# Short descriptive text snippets
- - - - -

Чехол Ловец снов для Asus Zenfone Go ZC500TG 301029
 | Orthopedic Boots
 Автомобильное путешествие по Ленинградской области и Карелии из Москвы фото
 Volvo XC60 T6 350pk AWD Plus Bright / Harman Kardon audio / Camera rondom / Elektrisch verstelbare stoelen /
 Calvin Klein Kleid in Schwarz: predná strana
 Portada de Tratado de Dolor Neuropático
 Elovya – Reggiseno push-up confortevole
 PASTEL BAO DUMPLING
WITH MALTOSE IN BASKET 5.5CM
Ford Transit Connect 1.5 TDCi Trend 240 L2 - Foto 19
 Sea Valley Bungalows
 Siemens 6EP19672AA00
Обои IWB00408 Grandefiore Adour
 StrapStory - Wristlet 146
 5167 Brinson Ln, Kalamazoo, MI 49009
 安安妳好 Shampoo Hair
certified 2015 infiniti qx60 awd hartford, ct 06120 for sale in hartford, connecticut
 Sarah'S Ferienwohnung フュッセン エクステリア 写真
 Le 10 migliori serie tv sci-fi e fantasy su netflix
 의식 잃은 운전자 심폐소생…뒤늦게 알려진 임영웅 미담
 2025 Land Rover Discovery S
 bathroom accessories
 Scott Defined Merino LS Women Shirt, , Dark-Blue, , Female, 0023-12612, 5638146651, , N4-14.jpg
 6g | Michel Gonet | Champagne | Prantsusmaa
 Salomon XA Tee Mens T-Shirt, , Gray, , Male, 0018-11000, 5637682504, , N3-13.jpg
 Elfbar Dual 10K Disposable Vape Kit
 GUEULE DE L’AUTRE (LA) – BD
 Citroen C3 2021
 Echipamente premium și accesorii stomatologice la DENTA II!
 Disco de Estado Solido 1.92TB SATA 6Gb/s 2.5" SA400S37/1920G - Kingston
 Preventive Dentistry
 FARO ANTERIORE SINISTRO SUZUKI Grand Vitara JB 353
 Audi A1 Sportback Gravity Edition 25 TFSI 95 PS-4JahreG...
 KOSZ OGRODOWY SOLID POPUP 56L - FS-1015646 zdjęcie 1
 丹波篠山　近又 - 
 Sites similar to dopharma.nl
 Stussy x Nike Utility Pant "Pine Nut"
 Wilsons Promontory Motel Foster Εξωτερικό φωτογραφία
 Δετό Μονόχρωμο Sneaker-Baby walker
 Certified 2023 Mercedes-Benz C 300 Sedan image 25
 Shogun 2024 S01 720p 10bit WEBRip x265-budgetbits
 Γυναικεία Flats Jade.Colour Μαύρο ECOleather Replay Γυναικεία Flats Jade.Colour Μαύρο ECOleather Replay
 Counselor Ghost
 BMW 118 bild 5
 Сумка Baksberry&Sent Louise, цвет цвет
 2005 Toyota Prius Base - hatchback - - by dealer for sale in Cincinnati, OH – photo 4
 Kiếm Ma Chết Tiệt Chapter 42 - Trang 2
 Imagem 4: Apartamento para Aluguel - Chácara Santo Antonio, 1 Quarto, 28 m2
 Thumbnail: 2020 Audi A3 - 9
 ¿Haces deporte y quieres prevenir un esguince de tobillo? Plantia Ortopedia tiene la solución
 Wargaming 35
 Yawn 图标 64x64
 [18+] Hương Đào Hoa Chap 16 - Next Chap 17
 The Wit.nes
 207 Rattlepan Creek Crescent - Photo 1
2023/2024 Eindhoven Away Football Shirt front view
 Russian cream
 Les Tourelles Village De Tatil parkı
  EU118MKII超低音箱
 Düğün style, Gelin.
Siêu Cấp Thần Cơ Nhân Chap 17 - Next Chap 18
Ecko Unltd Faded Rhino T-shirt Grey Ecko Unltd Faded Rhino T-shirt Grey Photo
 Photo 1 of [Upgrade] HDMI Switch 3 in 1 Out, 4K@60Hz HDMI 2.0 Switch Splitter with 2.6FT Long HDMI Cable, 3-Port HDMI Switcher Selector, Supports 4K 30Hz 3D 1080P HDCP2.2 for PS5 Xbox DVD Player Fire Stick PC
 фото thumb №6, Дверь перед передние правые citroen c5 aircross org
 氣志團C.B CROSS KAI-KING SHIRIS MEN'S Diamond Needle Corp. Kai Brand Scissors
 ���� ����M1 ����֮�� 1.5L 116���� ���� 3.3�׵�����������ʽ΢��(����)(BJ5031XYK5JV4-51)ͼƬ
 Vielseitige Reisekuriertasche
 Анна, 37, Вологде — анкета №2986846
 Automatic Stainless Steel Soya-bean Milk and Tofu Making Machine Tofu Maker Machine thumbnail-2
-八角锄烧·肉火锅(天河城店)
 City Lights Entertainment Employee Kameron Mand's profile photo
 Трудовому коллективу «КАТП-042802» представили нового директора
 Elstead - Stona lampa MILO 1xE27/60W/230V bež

- - - - -

# EXERCISE GOAL
The whole of the data is to be copied out word for word.

# ANSWER TO THE EXERCISE
Чехол Ловец снов для Asus Zenfone Go ZC500TG 301029
 | Orthopedic Boots
 Автомобильное путешествие по Ленинградской области и Карелии из Москвы фото
 Volvo XC60 T6 350pk AWD Plus Bright / Harman Kardon audio / Camera rondom / Elektrisch verstelbare stoelen /
 Calvin Klein Kleid in Schwarz: predná strana
 Portada de Tratado de Dolor Neuropático
 Elovya – Reggiseno push-up confortevole
 PASTEL BAO DUMPLING
WITH MALTOSE IN BASKET 5.5CM
Ford Transit Connect 1.5 TDCi Trend 240 L2 - Foto 19
 Sea Valley Bungalows
 Siemens 6EP19672AA00
Обои IWB00408 Grandefiore Adour
 StrapStory - Wristlet 146
 5167 Brinson Ln, Kalamazoo, MI 49009
 安安妳好 Shampoo Hair
certified 2015 infiniti qx60 awd hartford, ct 06120 for sale in hartford, connecticut
 Sarah'S Ferienwohnung フュッセン エクステリア 写真
 Le 10 migliori serie tv sci-fi e fantasy su netflix
 의식 잃은 운전자 심폐소생…뒤늦게 알려진 임영웅 미담
 2025 Land Rover Discovery S
 bathroom accessories
 Scott Defined Merino LS Women Shirt, , Dark-Blue, , Female, 0023-12612, 5638146651, , N4-14.jpg
 6g | Michel Gonet | Champagne | Prantsusmaa
 Salomon XA Tee Mens T-Shirt, , Gray, , Male, 0018-11000, 5637682504, , N3-13.jpg
 Elfbar Dual 10K Disposable Vape Kit
 GUEULE DE L’AUTRE (LA) – BD
 Citroen C3 2021
 Echipamente premium și accesorii stomatologice la DENTA II!
 Disco de Estado Solido 1.92TB SATA 6Gb/s 2.5" SA400S37/1920G - Kingston
 Preventive Dentistry
 FARO ANTERIORE SINISTRO SUZUKI Grand Vitara JB 353
 Audi A1 Sportback Gravity Edition 25 TFSI 95 PS-4JahreG...
 KOSZ OGRODOWY SOLID POPUP 56L - FS-1015646 zdjęcie 1
 丹波篠山　近又 - 
 Sites similar to dopharma.nl
 Stussy x Nike Utility Pant "Pine Nut"
 Wilsons Promontory Motel Foster Εξωτερικό φωτογραφία
 Δετό Μονόχρωμο Sneaker-Baby walker
 Certified 2023 Mercedes-Benz C 300 Sedan image 25
 Shogun 2024 S01 720p 10bit WEBRip x265-budgetbits
 Γυναικεία Flats Jade.Colour Μαύρο ECOleather Replay Γυναικεία Flats Jade.Colour Μαύρο ECOleather Replay
 Counselor Ghost
 BMW 118 bild 5
 Сумка Baksberry&Sent Louise, цвет цвет
 2005 Toyota Prius Base - hatchback - - by dealer for sale in Cincinnati, OH – photo 4
 Kiếm Ma Chết Tiệt Chapter 42 - Trang 2
 Imagem 4: Apartamento para Aluguel - Chácara Santo Antonio, 1 Quarto, 28 m2
 Thumbnail: 2020 Audi A3 - 9
 ¿Haces deporte y quieres prevenir un esguince de tobillo? Plantia Ortopedia tiene la solución
 Wargaming 35
 Yawn 图标 64x64
 [18+] Hương Đào Hoa Chap 16 - Next Chap 17
 The Wit.nes
 207 Rattlepan Creek Crescent - Photo 1
2023/2024 Eindhoven Away Football Shirt front view
 Russian cream
 Les Tourelles Village De Tatil parkı
  EU118MKII超低音箱
 Düğün style, Gelin.
Siêu Cấp Thần Cơ Nhân Chap 17 - Next Chap 18
Ecko Unltd Faded Rhino T-shirt Grey Ecko Unltd Faded Rhino T-shirt Grey Photo
 Photo 1 of [Upgrade] HDMI Switch 3 in 1 Out, 4K@60Hz HDMI 2.0 Switch Splitter with 2.6FT Long HDMI Cable, 3-Port HDMI Switcher Selector, Supports 4K 30Hz 3D 1080P HDCP2.2 for PS5 Xbox DVD Player Fire Stick PC
 фото thumb №6, Дверь перед передние правые citroen c5 aircross org
 氣志團C.B CROSS KAI-KING SHIRIS MEN'S Diamond Needle Corp. Kai Brand Scissors
 ���� ����M1 ����֮�� 1.5L 116���� ���� 3.3�׵�����������ʽ΢��(����)(BJ5031XYK5JV4-51)ͼƬ
 Vielseitige Reisekuriertasche
 Анна, 37, Вологде — анкета №2986846
 Automatic Stainless Steel Soya-bean Milk and Tofu Making Machine Tofu Maker Machine thumbnail-2
-八角锄烧·肉火锅(天河城店)
 City Lights Entertainment Employee Kameron Mand's profile photo
 Трудовому коллективу «КАТП-042802» представили нового директора
 Elstead - Stona lampa MILO 1xE27/60W/230V bež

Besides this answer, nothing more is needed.